**Data:**
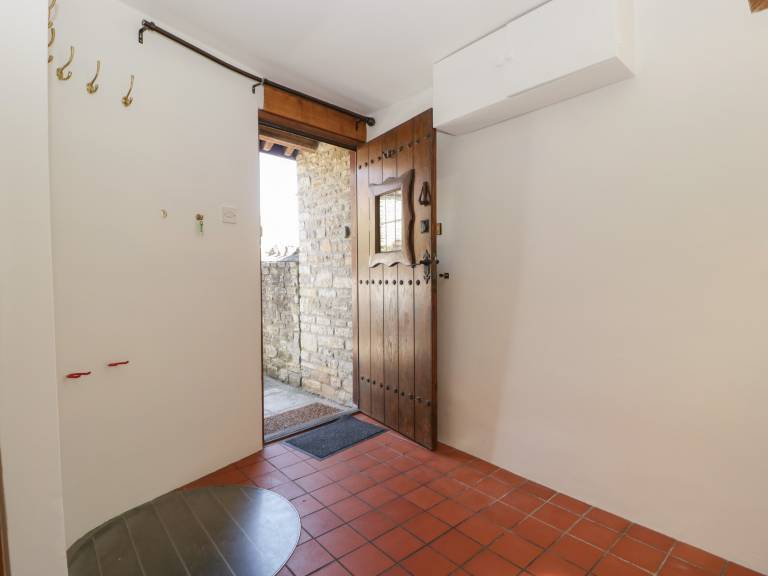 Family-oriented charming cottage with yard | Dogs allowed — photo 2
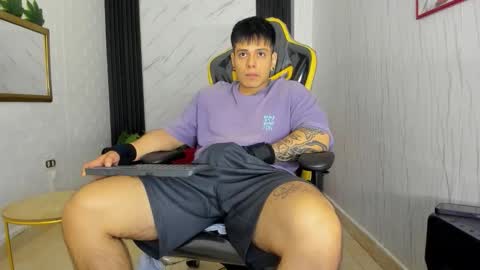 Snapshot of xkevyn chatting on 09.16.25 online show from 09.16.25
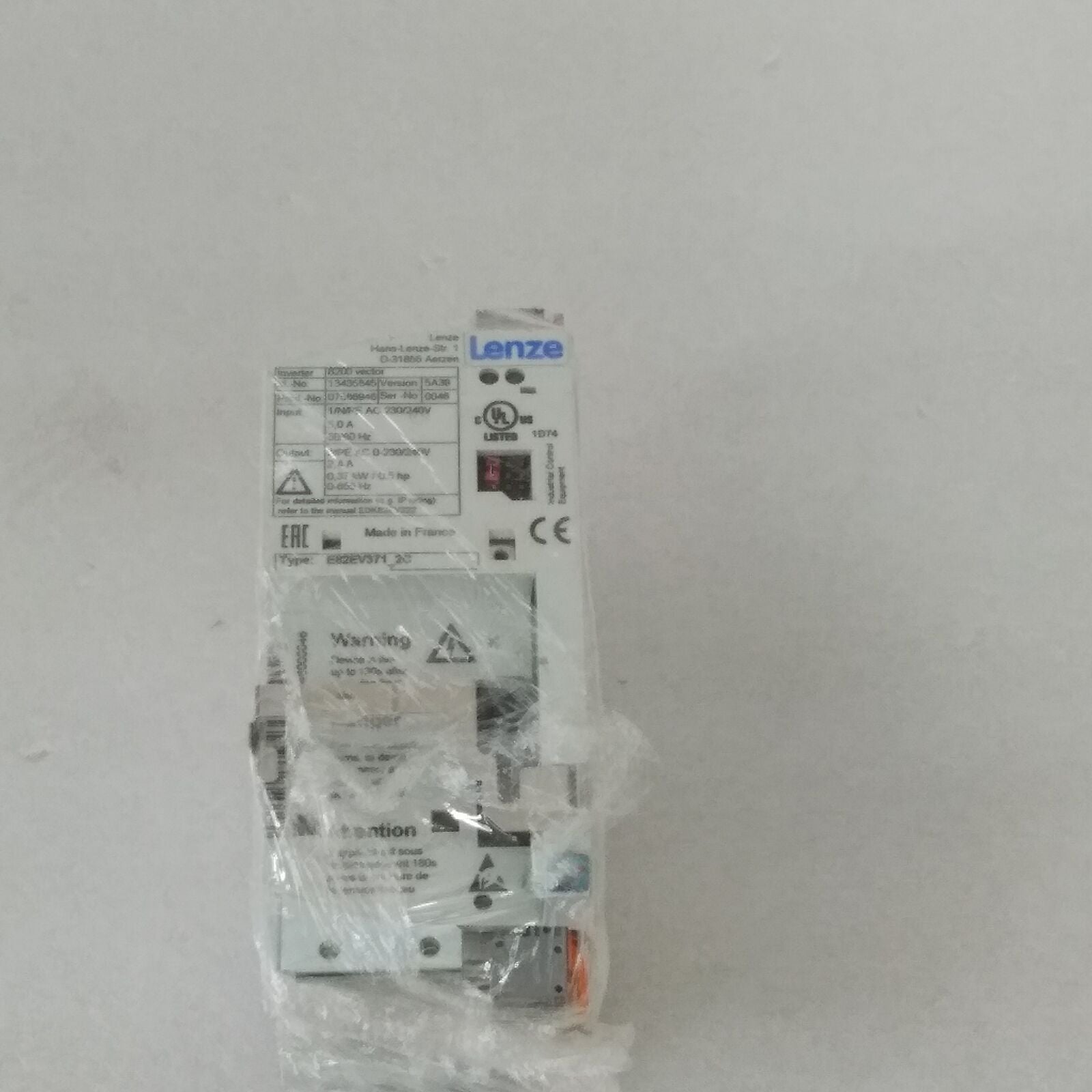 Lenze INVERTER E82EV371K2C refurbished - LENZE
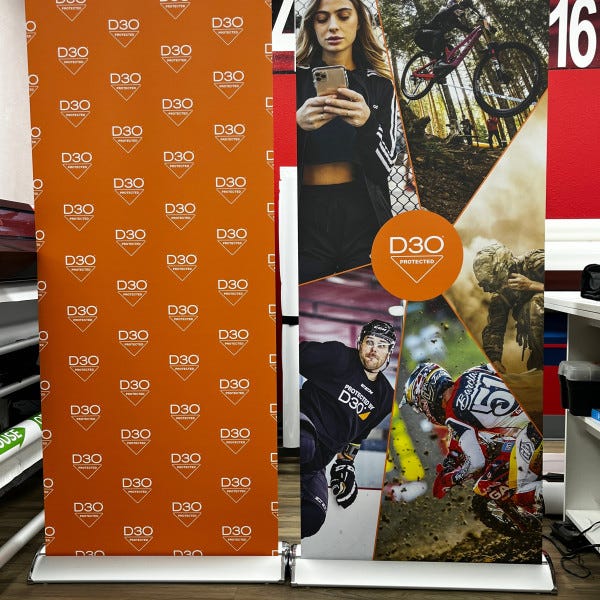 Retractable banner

**Activity:** Please print the listing above again word for word, without its pictures.

**Your solution:**
 Family-oriented charming cottage with yard | Dogs allowed — photo 2
 Snapshot of xkevyn chatting on 09.16.25 online show from 09.16.25
 Lenze INVERTER E82EV371K2C refurbished - LENZE
 Retractable banner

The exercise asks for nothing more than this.